YOUR ASSIGNMENT ->
Beginning at the line containing "Used 2025 Genesis G70 2.5T image 11" in the material below and ending at the line containing "La jura de su", return each line exactly and add nothing.
____
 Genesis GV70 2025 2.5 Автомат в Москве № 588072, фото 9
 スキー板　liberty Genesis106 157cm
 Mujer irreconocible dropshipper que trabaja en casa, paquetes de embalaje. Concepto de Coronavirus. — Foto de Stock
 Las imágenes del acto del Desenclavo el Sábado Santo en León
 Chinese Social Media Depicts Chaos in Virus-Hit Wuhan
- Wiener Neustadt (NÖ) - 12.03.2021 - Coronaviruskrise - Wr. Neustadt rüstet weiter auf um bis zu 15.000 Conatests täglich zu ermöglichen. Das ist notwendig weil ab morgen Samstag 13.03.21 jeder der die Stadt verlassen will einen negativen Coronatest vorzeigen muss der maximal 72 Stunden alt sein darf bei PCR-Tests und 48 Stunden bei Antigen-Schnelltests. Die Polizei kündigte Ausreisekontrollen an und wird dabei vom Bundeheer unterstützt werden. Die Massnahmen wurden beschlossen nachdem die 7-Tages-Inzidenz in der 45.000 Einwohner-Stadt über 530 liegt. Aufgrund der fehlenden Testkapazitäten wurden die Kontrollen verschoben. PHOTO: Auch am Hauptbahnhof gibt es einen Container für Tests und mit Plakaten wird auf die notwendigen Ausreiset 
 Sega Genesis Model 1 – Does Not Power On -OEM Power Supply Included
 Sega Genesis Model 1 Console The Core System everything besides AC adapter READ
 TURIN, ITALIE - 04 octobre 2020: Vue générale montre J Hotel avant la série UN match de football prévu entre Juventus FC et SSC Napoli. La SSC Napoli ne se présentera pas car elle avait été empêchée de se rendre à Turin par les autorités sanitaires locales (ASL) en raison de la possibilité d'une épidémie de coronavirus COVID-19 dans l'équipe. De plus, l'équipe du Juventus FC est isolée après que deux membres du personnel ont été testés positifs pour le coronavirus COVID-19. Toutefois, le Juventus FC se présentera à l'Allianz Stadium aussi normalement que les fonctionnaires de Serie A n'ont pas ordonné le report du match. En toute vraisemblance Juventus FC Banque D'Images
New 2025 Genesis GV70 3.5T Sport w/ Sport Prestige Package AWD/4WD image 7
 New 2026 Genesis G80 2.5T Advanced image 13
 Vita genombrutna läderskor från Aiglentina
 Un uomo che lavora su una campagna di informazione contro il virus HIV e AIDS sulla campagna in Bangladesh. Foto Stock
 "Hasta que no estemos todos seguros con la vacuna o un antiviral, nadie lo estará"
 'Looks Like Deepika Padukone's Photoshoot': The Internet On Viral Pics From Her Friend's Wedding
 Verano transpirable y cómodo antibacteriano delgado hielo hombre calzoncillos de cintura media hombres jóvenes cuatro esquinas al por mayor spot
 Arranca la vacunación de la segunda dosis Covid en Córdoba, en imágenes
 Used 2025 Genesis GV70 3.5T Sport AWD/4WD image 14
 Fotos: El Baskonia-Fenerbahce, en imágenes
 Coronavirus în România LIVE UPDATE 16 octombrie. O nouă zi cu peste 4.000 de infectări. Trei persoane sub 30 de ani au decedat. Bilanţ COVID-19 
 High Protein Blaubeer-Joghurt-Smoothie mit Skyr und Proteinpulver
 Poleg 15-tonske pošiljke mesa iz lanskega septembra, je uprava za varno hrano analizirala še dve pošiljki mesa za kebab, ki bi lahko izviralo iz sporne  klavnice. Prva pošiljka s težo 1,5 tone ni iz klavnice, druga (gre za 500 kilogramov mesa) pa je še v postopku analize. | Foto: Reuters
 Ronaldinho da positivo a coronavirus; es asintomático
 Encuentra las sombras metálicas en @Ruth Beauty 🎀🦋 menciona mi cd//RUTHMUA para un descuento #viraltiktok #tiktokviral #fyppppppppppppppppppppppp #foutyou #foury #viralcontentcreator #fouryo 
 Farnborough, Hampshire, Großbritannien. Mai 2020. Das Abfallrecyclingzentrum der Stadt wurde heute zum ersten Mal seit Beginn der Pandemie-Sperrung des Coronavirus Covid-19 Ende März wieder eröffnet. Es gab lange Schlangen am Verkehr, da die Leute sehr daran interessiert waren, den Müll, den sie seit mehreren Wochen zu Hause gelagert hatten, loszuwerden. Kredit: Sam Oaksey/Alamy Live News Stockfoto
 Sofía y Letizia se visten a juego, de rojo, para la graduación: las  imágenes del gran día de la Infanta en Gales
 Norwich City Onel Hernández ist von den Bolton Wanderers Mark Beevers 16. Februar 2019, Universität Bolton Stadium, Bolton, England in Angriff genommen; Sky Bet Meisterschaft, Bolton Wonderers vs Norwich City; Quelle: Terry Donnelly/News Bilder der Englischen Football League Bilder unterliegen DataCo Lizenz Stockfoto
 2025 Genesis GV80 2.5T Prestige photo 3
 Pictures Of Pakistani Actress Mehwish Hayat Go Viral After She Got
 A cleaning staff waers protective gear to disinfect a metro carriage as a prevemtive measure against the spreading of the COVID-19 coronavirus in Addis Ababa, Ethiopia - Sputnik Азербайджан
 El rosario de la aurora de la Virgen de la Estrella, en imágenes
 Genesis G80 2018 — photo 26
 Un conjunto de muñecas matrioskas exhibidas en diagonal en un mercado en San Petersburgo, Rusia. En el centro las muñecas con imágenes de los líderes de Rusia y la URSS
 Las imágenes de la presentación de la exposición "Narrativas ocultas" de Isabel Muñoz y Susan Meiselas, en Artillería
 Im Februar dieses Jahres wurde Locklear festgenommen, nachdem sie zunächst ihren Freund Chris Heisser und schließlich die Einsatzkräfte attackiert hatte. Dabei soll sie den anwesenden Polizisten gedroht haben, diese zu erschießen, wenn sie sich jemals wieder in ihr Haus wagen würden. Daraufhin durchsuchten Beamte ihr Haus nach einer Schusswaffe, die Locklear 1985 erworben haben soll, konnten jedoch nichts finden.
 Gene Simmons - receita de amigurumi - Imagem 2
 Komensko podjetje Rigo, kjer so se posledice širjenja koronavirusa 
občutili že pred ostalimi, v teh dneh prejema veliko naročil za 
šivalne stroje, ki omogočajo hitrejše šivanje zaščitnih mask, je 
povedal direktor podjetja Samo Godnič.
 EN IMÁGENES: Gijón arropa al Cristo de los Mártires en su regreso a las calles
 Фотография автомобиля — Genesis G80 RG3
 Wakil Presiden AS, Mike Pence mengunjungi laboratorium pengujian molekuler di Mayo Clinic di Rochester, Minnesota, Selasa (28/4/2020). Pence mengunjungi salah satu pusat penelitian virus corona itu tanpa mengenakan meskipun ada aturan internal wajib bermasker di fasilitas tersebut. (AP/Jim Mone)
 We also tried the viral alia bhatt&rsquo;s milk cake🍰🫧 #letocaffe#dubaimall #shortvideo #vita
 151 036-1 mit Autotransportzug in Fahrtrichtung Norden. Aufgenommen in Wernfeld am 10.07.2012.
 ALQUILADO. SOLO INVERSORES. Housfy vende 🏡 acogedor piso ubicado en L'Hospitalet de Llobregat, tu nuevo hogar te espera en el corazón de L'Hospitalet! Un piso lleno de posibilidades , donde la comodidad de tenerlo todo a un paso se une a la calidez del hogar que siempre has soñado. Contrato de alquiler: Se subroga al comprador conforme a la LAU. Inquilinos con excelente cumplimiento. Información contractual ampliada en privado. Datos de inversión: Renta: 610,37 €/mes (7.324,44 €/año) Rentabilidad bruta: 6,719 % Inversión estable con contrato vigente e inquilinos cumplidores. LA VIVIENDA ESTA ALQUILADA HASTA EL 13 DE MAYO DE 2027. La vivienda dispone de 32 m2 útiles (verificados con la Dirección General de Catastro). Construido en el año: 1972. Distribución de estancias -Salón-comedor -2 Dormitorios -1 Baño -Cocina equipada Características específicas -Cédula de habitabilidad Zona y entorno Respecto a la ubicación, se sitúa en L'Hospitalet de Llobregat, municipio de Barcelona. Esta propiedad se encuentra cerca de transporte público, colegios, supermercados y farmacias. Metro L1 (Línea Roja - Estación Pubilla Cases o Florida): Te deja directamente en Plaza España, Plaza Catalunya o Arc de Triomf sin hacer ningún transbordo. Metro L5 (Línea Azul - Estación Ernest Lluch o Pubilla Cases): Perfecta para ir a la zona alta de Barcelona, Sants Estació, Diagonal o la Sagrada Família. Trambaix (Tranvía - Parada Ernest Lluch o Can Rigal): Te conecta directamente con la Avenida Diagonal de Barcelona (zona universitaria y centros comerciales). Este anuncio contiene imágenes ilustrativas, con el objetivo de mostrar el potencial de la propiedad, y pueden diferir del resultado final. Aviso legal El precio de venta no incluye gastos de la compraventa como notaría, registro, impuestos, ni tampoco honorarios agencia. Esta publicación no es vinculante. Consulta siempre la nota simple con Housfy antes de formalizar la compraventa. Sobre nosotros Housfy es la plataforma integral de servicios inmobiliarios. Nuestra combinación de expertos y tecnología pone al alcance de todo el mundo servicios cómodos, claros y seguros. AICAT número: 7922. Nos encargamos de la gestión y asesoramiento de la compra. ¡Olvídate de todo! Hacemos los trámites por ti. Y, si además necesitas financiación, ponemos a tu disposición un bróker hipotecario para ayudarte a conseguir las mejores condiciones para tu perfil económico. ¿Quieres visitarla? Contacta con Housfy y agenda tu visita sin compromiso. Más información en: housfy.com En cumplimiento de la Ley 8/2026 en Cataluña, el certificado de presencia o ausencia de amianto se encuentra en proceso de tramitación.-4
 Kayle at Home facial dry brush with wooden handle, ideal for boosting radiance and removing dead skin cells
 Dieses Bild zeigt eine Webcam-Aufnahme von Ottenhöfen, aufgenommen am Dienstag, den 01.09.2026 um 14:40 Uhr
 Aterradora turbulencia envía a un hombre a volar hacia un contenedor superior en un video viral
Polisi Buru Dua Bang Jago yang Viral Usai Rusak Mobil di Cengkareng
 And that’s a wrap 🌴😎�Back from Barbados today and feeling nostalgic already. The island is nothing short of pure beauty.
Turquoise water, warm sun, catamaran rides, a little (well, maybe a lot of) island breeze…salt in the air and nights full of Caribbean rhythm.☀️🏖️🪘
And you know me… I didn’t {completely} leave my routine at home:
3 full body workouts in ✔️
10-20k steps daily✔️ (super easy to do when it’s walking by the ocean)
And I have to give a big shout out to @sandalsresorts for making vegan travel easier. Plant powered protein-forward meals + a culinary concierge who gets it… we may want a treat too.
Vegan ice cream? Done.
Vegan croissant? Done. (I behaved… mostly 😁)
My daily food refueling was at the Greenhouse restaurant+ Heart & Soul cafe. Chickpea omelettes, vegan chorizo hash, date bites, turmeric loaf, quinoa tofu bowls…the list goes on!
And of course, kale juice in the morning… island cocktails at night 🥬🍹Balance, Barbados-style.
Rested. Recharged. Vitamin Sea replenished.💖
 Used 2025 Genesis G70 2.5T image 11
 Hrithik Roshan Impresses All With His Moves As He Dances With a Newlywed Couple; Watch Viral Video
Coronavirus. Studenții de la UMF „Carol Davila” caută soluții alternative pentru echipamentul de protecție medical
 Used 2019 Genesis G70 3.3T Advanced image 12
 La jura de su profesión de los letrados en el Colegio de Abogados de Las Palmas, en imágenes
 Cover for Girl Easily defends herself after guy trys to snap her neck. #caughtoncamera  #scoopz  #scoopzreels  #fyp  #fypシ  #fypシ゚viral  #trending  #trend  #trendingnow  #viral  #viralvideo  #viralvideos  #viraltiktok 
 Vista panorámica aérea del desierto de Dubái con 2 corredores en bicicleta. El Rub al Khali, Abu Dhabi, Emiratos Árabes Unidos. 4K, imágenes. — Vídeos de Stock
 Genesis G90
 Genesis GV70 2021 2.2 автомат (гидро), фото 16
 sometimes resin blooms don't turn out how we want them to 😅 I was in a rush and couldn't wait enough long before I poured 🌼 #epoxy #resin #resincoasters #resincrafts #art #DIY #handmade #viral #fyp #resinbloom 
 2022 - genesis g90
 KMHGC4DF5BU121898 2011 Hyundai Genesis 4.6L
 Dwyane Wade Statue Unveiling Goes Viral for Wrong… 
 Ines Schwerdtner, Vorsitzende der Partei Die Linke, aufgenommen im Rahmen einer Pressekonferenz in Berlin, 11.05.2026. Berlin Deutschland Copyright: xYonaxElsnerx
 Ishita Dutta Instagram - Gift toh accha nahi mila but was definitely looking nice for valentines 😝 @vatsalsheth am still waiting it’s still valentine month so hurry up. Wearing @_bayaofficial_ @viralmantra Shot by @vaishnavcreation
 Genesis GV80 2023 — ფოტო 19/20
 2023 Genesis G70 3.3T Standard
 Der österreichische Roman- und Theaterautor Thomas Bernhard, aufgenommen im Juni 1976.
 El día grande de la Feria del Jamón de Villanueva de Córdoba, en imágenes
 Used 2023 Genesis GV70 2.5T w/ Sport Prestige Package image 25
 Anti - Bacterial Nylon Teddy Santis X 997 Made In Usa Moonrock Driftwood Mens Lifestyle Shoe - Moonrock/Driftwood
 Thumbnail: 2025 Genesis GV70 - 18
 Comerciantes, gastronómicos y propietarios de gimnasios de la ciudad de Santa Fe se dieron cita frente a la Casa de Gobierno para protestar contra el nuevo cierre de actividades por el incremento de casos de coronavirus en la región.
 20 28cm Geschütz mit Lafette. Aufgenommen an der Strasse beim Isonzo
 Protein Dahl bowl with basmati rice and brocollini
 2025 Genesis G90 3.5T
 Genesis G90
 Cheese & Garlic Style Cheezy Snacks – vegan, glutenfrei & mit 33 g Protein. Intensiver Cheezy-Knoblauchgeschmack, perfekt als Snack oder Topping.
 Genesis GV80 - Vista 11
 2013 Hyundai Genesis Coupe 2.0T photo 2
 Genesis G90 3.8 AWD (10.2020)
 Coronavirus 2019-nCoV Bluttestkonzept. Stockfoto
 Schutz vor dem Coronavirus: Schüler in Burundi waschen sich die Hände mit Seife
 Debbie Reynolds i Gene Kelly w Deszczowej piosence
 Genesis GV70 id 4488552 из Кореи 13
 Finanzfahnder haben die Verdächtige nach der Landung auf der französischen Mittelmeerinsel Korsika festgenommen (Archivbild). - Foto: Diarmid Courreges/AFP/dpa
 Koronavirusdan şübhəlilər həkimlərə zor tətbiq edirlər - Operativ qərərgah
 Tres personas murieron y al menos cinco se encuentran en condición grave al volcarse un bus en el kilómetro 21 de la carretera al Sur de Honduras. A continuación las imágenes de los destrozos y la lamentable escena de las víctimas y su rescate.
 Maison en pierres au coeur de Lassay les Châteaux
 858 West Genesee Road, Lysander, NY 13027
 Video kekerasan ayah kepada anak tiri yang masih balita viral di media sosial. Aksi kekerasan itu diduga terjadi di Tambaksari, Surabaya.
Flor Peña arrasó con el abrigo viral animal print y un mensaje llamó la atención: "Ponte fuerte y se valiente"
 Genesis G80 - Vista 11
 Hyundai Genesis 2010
____
TASK SOLUTION ->
 Used 2025 Genesis G70 2.5T image 11
 Hrithik Roshan Impresses All With His Moves As He Dances With a Newlywed Couple; Watch Viral Video
Coronavirus. Studenții de la UMF „Carol Davila” caută soluții alternative pentru echipamentul de protecție medical
 Used 2019 Genesis G70 3.3T Advanced image 12
 La jura de su profesión de los letrados en el Colegio de Abogados de Las Palmas, en imágenes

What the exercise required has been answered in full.